If we use the standard ways of comparing them, we end up with measures that other scientists, and potentially us, can understand. These are the things that get included in the analysis sections of papers. Andy explains these ideas clearly and then progresses to other types of tests and comparisons that academics use in psychology; and all the examples, convoluted or otherwise, are grounded in things that actual psychologists might research.

So what’s this ‘R’ thing, you ask? Well, where other books on stats are dry, mathematics books, where the closest you get to working something out for yourself is to bosh a load of numbers into a calculator and then look up the answer in a table; this book focuses on the free software package, ‘R’, instead to do most of the leg work. It doesn’t stop Andy from explaining (in detail) the maths behind the tests and the processes taking place, but it does mean that you can load the numbers into a thing on your computer and smash the buttons to get the appropriate answers. There is nothing quite like seeing it all happen, automatically, for yourself. Oh, and graphs; Andy and ‘R’ love graphs, and so will you when you get the software to make them for you.
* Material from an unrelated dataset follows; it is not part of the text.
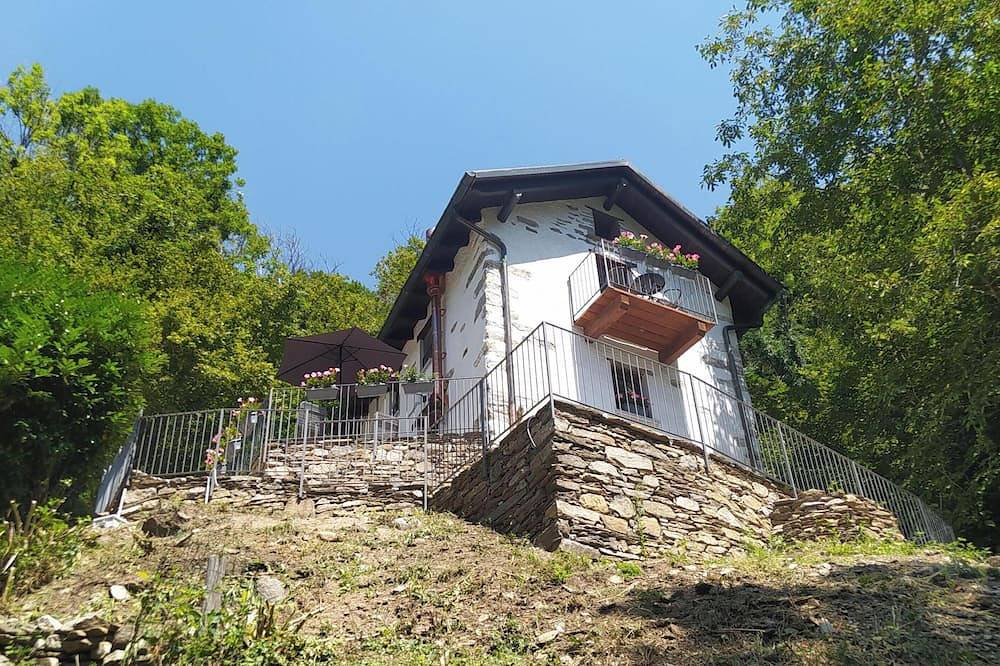 Cozy old mountain house renovated completely new in Cavaglio-Spoccia, Valle Cannobina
I’ve since moved on to ‘R Studio’ with the ‘tidyverse’ library, but the same basic approaches still apply and are still relevant. In this internet-connected age, the world moves forwards and better things appear. The book was written for ‘R’ and ‘R Commander’ using libraries that existed at the time (2012), but now ‘R Studio’ makes everything easier to do and the ‘tidyverse’ library does everything the same way so you can think less and achieve more. I’ve heard on the grapevine that the second edition of the book will be fully committed to ‘R Studio’ and ‘tidyverse’, so it might be worth waiting for that to come out before rushing to spend your lunch money on this particular book on stats.
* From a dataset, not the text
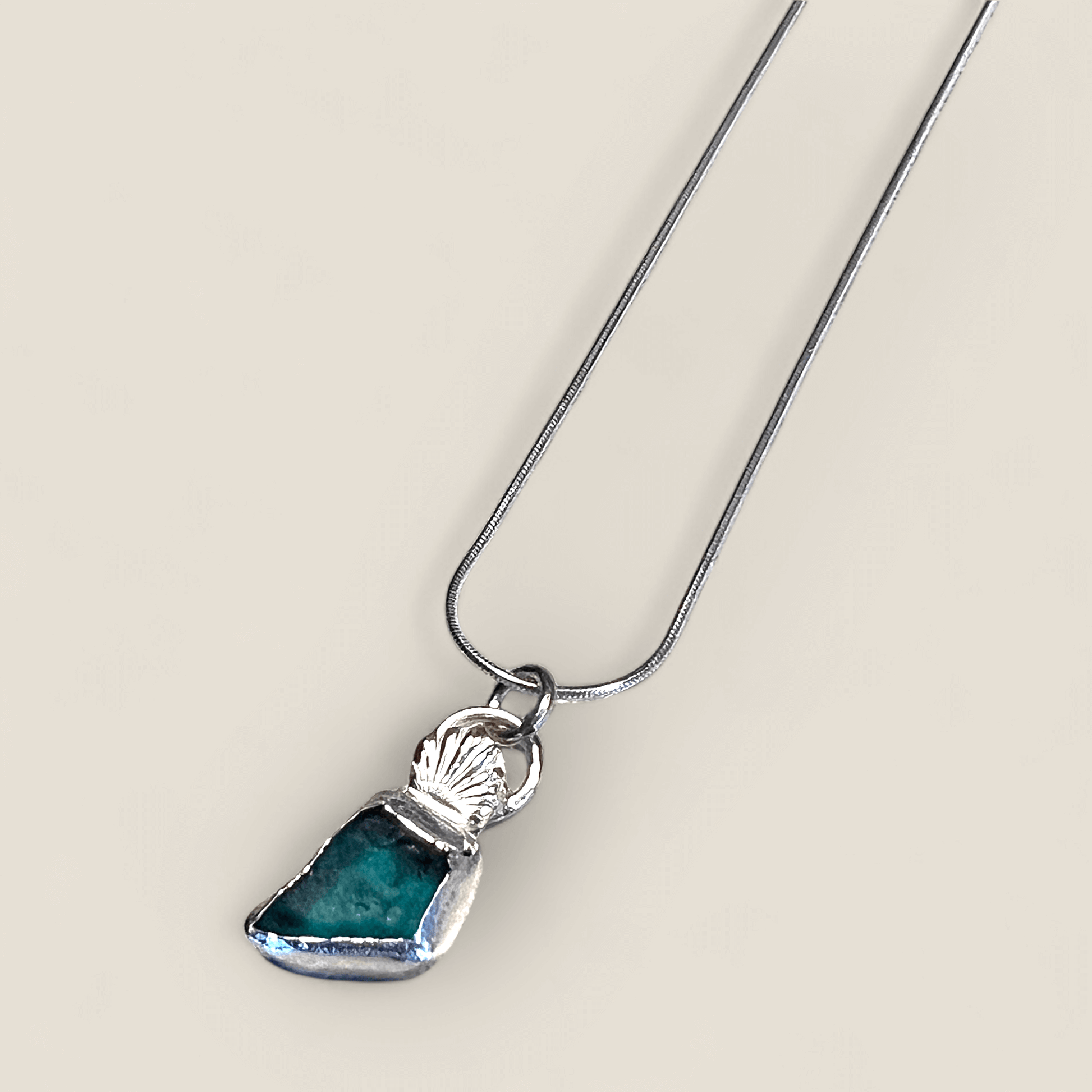 Silverhalsband med strandglas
Honestly, I love maths but I didn’t have a great relationship with stats before reading this book. Now I’m wining and dining it at every opportunity and finding all sorts of ways to crunch numbers and check people’s conclusions. It’s like levelling up but for psychology paper understanding. Like you’ve finally played enough Mario to know the level layout and can get through without hiccups. Like you can see the matrix for what it is; that the world is just numbers and hypnosis is just a part of that world.

I no longer see the numbers; I just see the mistakes and the illogical conclusions.